昼食中にお話を聞かせてもらったのは1年の酪農科学科の本多泰士さん。ニックネームは「しべちゃ」。帯農から離れた標茶町から進学しています。

 「この高校に来てよかったーって思う時ってどんな時ですか?」

 「帯広農業高校は設備もすごく整っているし、色んなところから将来畜産をやっていこうっていう夢を持った人たちがたくさん集まるところ。そういう人たちと将来にわたって繋がりも出来るので良いなって思っています」

 「地元から離れての受験って、成績優秀者じゃないとだめなんでしょうか」

 「成績も関係しますが、将来やりたいことを達成するために、帯農で学びたいという意識が大事なようです。小学校の時に『銀の匙』を読んで帯農に興味を持って、中学でもその気持ちが変わらなくてそのまま……」

 「中学の時から、帯広に高校見学とか来てたんですか?」

 「来てましたよ! 北海道に住んでいても、帯広……もとい十勝って憧れるんですよ。十勝って北海道に開拓に入ってきて、最初から農業的に安定して成功している土地なんですよ。なおかつ、今も最先端にいるんです」

 「卒業したらすぐに家を継ぐんですか?」

「いえ、まずは違うところに就職して、色んなものを見て吸収したいとおもっています。それから家に戻ると思います」

 「めちゃくちゃ将来見据えてる! どこまでも、私が知ってる高校1年生像からはかけ離れてるなぁ」

さらに午前の実習におじゃまさせてもらった3年生にもお話を聞かせてもらったのですが、進路も決定していてより一層安定感がハンパなかったです。

2020年度の農業科学科は15人、酪農科学科は5人が卒業してすぐに実家を継ぐそうです。
大学進学、実家以外のところへ実習に行く生徒もいるそうですが、農家出身の子のほとんどがゆくゆくは後継者として家に戻るのだとか。

進路については、高校入学前から決めていた子もいれば、元々酪農の道に進むつもりはなかったけど職場体験を経て進学先を決めた子もいるようでした。

おじゃました1年生のクラス、午後からは国語の授業。

帯広農業高校は忘れがちですが公立高校。
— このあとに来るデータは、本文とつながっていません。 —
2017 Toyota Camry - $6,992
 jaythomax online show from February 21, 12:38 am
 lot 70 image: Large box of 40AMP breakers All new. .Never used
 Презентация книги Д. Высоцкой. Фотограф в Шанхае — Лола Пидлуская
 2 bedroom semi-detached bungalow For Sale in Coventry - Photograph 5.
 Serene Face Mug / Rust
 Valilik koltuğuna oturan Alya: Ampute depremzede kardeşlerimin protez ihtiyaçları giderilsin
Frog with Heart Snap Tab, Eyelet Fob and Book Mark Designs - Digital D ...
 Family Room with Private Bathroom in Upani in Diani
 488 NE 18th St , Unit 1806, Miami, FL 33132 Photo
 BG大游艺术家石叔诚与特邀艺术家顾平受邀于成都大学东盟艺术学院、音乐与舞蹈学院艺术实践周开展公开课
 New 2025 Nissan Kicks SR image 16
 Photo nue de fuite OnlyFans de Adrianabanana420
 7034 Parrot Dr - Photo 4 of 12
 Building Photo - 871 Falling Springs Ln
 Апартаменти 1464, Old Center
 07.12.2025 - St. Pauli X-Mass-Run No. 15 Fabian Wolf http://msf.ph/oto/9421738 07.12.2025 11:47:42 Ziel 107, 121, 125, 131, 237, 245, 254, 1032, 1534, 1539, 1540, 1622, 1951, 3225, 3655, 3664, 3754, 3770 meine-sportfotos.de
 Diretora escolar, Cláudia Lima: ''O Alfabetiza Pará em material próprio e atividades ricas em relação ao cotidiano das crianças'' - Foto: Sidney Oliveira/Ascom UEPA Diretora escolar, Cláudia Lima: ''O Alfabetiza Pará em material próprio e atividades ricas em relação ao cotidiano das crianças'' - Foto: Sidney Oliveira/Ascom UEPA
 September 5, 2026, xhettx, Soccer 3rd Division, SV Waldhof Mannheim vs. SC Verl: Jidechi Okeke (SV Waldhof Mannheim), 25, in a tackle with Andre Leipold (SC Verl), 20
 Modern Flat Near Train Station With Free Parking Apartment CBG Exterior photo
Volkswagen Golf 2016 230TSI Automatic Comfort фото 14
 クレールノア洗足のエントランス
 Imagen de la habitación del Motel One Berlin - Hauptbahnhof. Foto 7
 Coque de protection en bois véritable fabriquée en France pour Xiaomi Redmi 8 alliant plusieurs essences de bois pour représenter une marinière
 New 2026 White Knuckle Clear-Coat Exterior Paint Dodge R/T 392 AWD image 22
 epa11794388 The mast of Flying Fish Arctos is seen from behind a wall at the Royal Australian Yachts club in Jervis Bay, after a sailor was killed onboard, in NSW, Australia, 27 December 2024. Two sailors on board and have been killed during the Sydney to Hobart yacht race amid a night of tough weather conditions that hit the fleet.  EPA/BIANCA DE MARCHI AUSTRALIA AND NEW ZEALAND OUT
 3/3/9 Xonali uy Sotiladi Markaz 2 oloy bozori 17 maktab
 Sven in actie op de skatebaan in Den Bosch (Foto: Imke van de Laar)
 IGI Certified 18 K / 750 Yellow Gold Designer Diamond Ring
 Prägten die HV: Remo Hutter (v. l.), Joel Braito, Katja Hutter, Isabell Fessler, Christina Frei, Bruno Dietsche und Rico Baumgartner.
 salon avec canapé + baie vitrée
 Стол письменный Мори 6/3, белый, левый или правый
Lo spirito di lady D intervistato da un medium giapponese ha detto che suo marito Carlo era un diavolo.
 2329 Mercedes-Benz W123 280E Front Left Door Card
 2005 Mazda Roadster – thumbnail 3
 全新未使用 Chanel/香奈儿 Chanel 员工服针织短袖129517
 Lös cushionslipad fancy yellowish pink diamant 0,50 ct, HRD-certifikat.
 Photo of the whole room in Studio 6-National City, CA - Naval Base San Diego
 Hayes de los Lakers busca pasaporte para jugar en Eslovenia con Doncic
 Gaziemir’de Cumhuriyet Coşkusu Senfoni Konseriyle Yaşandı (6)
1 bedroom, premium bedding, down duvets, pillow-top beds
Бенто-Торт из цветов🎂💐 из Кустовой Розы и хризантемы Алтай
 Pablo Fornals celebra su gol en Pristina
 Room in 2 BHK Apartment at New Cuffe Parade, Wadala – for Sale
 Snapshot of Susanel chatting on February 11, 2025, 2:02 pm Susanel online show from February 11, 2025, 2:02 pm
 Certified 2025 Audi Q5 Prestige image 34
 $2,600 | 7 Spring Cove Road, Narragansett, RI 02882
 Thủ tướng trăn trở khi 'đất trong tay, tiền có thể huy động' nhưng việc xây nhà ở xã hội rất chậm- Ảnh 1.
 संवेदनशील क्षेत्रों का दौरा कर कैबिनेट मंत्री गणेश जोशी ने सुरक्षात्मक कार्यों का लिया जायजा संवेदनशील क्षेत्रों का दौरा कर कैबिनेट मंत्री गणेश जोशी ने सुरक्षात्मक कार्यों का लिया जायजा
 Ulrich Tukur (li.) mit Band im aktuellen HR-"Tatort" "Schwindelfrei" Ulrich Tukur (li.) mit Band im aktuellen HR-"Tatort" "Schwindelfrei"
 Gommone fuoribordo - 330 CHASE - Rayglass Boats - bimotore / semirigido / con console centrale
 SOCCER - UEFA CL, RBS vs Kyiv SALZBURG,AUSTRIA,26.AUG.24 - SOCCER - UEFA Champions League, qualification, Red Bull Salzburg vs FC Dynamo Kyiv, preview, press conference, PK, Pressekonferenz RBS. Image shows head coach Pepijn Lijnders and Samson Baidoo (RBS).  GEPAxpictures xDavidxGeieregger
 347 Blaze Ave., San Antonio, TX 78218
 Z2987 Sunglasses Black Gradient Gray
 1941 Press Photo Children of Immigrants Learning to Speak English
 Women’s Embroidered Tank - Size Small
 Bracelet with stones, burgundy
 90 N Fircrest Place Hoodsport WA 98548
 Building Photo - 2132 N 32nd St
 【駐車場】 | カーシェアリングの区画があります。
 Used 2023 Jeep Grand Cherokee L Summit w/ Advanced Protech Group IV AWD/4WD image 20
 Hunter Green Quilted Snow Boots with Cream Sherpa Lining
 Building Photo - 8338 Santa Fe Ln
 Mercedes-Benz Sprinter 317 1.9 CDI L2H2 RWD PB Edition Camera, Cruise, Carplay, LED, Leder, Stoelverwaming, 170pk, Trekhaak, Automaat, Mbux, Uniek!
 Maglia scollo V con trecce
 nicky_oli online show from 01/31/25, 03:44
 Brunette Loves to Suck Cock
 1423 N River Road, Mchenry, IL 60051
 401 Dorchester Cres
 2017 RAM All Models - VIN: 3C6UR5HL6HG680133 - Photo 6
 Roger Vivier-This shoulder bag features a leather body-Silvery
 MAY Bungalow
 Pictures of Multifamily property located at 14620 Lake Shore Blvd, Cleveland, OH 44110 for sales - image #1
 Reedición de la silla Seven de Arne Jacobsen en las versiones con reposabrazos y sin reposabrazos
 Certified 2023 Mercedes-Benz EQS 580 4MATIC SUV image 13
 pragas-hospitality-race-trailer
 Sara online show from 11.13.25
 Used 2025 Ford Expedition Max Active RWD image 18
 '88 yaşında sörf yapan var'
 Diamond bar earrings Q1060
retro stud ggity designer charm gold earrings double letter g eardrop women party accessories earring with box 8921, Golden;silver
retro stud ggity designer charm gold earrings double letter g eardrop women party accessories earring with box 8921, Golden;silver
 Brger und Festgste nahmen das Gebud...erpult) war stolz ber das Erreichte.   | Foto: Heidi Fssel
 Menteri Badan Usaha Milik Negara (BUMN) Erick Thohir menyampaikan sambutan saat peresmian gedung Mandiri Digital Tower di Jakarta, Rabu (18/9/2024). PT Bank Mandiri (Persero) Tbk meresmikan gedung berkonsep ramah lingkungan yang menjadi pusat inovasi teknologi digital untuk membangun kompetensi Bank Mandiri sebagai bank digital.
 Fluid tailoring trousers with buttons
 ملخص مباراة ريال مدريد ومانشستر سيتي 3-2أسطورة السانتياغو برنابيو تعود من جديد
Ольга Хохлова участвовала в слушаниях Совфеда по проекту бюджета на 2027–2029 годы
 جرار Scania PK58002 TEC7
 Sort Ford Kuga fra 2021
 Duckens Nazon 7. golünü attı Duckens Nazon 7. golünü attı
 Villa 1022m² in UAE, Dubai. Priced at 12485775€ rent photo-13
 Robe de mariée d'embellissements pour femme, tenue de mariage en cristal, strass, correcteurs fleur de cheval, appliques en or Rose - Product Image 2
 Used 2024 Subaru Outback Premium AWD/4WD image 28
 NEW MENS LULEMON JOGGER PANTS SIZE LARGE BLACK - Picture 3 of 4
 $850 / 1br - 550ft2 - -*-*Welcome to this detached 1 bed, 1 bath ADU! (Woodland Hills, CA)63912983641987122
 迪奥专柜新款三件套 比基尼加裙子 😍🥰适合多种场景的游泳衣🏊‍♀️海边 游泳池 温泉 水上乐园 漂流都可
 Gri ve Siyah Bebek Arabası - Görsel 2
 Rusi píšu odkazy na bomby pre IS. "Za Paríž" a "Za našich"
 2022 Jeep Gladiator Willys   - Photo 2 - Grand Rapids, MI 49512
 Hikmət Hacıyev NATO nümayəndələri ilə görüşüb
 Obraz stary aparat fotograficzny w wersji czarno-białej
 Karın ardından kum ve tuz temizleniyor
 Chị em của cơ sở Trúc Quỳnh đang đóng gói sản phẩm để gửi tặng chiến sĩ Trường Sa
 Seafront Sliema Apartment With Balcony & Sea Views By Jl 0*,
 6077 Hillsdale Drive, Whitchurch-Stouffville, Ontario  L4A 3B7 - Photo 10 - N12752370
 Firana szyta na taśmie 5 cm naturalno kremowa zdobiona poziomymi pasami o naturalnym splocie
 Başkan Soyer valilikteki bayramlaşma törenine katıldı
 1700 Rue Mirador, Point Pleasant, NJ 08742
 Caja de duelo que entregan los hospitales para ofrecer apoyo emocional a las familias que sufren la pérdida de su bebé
専門的な授業はもちろん、普通の高校と変わらない授業もあるわけです。

朝から実習続きでお昼ご飯食べたら、絶対眠いと思うんですけど!
一旦お昼寝タイム挟んで良いのでは?

しかし、生徒たちはこの通り。集中して授業を聞いています。えらすぎ。
現代文に出てくる離れ離れになる親子の心境を「みんなも寮に入る前の日はどうだった?」と先生が聞くと、「普通だった!」とみんな口々に発言するなど和気藹々とした雰囲気で、先生と生徒の距離も近い気がします。

放課後は一般販売や部活、帯農生の1日はまだまだ続く!

さて、授業とHRが終わり、放課後は学校内の販売施設「あぐりす」にやってきました。

 
ちなみに帯広農業高校ではこのエゾリスちゃんがマスコットで、色んなところで見かけます。イラストだけじゃなくて、本物もいるんだって!

取材した日は学校内で生徒たちが育てたり加工したりした、野菜や牛乳、食品を生徒たち自ら一般の方に販売する日でした。

とれたて新鮮な野菜たちから、

寮にもあったオリジナル牛乳、加工品まで!

本格的な販売にも驚きなのですが、びっくりしたのはお客さんの数!

先頭の方は1時間前から並んでいるそうで、めちゃくちゃ人気。
おつかいで買って帰る生徒たちもちらほら。なんせ新鮮で、安いんです。

並んでいる間に次々「売り切れでーす!」の声が響き、その人気の高さが伺い知れます。

ゲットしたのはハムとコーヒー牛乳と豆ぐると!

『豆ぐると』は、天然オリゴ糖成分『ラフィノース』を配合した豆乳ヨーグルトで、食品科学科が開発したオリジナル商品なんですって。

ハムを買った私に先生が「お昼見た豚たちの、お兄ちゃんやお姉ちゃんですよ」とさらりと一言。

そうですよね…!
このハムになるまでに、ここで生まれて育って、お肉になって加工されて……そのほとんどの工程がこの学校内で行われてるんですよね。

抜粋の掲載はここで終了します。